The Walbrook (Deepditch) immediately east of Moorfields, is culverted by this time and Broker Row (now Blomfield Street) laid out along its course. The second Bethlem Hospital is shown to the west of the street.

===Renamed as Blomfield Street===
The street was called Broker Row until 1860, but was renamed in honour of the recently deceased Bishop of London, Charles Blomfield, who had been rector of St Botolph-without-Bishopsgate (the parish church of Bishopsgate Without), earlier in his career. As bishop, Blomfield had campaigned against the impact of the building of the capital's new railway terminii, which had led to the displacement of huge numbers of people, especially the poor who, as tenants, received no compensation while their landlords did. One example of this was the nearby Bishopsgate railway station which opened in 1840. As well as losing their homes, the displaced poor had had to travel further to reach their place of work, or pay more rent to live close to it.

Soon after the street was renamed two new stations were built adjacent to Blomfield Street. The development of adjacent Liverpool Street Station (opened in 1878) led to thousands of East Enders losing their homes; 3,000 in the parish of St Botolph-without-Bishopsgate (known as Bishopsgate Without for civil purposes) and 7,000 in Shoreditch. Others were displaced by the creation of adjacent Broad Street Station which opened in 1865.

===Medicine===
The original Bethlem (or Bedlam) Hospital was sited on the east side of the river from 1243 to 1676, when it moved to a larger site in Moorfields. the new building extended for 150 metres along the north side of the London Wall. The hospital subsequently moved to Southwark around 1815, when the site, together with the rest of the Lower Moorfields was developed and replaced with the new Finsbury Circus development.
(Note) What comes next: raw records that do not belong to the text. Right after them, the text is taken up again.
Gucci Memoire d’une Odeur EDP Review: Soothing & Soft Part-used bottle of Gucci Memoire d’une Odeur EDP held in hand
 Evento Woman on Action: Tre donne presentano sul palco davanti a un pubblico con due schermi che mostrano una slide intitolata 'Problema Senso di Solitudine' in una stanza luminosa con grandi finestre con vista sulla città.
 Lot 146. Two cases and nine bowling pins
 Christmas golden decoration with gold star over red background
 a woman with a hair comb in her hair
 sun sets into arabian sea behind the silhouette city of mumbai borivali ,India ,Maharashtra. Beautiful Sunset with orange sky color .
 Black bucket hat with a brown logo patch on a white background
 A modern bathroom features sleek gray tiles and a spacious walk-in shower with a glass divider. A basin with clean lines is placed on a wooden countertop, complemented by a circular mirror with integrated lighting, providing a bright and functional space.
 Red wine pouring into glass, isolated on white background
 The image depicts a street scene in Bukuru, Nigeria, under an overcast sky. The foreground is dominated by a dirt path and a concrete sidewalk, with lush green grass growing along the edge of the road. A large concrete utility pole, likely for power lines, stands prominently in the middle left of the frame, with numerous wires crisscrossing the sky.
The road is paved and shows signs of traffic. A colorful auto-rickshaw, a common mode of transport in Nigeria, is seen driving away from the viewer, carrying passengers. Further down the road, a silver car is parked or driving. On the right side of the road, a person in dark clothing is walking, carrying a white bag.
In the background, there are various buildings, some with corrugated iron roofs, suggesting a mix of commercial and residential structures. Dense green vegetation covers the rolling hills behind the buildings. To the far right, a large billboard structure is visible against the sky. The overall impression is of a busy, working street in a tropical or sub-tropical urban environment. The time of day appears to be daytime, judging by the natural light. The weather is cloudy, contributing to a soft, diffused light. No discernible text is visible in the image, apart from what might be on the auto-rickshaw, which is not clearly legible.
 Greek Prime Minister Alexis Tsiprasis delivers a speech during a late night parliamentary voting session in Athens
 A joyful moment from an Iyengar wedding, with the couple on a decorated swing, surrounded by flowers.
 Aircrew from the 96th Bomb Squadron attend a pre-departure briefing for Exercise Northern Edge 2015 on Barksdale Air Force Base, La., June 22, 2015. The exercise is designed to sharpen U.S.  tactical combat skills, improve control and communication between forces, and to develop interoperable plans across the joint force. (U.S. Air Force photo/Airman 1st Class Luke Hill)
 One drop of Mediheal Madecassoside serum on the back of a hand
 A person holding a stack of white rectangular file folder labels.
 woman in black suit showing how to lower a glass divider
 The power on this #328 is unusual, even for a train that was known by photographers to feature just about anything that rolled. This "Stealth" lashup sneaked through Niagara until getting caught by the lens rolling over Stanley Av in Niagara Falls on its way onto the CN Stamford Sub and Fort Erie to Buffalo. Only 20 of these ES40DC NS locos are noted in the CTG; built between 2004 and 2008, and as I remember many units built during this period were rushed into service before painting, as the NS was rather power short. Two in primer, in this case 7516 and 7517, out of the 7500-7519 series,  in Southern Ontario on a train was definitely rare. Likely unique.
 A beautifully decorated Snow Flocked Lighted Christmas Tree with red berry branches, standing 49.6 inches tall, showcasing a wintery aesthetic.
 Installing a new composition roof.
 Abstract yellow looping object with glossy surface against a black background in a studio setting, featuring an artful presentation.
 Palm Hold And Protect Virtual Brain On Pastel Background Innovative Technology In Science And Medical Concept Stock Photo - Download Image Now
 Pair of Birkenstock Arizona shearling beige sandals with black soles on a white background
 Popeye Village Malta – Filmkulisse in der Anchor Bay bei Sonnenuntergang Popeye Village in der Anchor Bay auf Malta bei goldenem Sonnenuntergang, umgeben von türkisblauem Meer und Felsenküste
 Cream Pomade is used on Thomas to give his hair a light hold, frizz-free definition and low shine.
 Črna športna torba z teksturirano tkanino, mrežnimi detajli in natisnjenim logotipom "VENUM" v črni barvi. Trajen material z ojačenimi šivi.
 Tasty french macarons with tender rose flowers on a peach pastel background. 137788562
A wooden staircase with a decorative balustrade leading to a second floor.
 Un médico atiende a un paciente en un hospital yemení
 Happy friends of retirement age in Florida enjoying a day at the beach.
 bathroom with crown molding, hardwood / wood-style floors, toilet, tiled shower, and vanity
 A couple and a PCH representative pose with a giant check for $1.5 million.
In the early and mid 19th century, before Harley Street rose to prominence, Finsbury (to the west of the street), was London's foremost medical district. Blomfield Street (then Broker Row) had the second Bethlem Hospital (until 1815), while the second site of the Moorfields Eye Hospital occupied a part of the Finsbury Circus development from 1822 to 1899.

===World War One===
On the night of 8/9 September 1915, during World War One, German Navy airship L13 (LZ45) carried out what would be the most destructive raids of the war. Twenty-two people were killed, including three at Blomfield Street. A number 35A bus at the junction of Blomfield and Liverpool Streets suffered a direct hit, kiling the conductor and two passengers. The driver was seen wandering the street in shock, staring at his hand which had several fingers missing.

The airship, which was 163 metres long and flying at 2500 metres of altitude, was largely invulnerable to defensive measures at this stage of the war. An eyewitness described catching sight of the airship:

"I looked up, and at the last moment the searchlight caught the Zepp, full and clear It was a beautiful but terrifying sight."